Consequentially I’m more excited about:

  1. Less ambitious “little hacks” that don’t solve the whole problem but could plausibly be helpful.
    1. I’d put most control things in this category.
    2. There could also be some theory stuff in here.

It’s more important to start running than to run in precisely the right direction. But all else equal it’s preferable to run in the correct direction.



I’m planning to focus on scalable alignment

I think of this as basically “solving alignment in the limit”

Does this actually make sense to do?

Why not solve alignment via practical means (i.e., AI control) and then have them do the hard stuff?

Why not try to buy more time via doing politics / communication?


I maintain that probably ~50% of AI safety resources (at least) should be dedicated to AI control.

But here’s some potential motivation for thinking about scalable alignment now:

  • maybe there’s a long critical path
  • maybe having humans in the loop that have some ideas / intuitions for good directions to direct the AIs on is good
  • maybe solving this tricky theoretical problem has bottlenecks, and so doesn’t get as much benefit from parallelization
  • generally, maybe this becomes a problem before AIs can solve it.

anyways, I’m not advocating for too much AI safety researchers to be allocated to scalable alignment

although if all the mathematicians in the world decided to give a stab (or even a concerted effort) at solving scalable alignment I wouldn’t complain :P (assuming they didn’t accidentally boost capabilities… which is a pretty strong assumption. but i digress)

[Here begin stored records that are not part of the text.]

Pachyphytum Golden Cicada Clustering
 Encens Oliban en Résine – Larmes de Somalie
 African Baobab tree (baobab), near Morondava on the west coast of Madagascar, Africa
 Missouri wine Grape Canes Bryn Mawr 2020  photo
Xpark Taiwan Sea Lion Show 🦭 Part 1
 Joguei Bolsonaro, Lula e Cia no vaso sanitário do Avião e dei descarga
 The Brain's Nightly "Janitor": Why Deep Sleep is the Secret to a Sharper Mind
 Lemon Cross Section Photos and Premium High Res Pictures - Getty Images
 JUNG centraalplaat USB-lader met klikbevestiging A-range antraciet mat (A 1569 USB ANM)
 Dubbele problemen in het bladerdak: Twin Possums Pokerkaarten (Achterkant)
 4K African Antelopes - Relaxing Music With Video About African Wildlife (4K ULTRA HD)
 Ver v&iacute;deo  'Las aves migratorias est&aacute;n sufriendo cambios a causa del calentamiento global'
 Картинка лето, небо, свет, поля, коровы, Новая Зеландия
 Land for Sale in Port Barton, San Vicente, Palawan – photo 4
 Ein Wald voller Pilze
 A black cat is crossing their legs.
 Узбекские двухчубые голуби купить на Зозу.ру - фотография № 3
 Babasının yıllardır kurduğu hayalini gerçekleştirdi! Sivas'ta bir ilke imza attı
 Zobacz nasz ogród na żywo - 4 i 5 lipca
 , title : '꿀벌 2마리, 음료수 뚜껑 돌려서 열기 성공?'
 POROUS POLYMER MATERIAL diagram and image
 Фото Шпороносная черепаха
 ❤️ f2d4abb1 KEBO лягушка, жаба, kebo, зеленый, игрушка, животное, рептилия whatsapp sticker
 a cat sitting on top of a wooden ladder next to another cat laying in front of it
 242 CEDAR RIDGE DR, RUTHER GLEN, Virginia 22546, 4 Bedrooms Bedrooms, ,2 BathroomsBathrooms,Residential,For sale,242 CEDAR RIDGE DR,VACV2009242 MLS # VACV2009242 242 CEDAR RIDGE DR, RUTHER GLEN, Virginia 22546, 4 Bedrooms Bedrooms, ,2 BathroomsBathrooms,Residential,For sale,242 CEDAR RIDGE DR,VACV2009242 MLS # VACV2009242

but i think its a good option for me and there aren’t any easy better options. so ill stick to it for now and re-evaluate at some unspecified future point in time :P

but for real I’d like some ppl allocated to thinking about a longer term stable solution.

and its not clear whether other things like “politics” are more or less cursed than theory anyways.

anyways, lets go find an easy to implement competitive cheap alignment algorithm!!!


some more takes:

There are a lot of things which amount to buying time. For instance, trying to garner political will to slow stuff down, or implementing control measures.

But, what are we buying time for?

I think we should be buying time for getting a scalable alignment solution.

I think I have some skills for thinking about this, and it’s not very saturated.

being helpful on technical stuff is only going to happen in the far right tails.

so I’m officially going to not worry about whether or not my plan is reasonable or not for the next 5 months.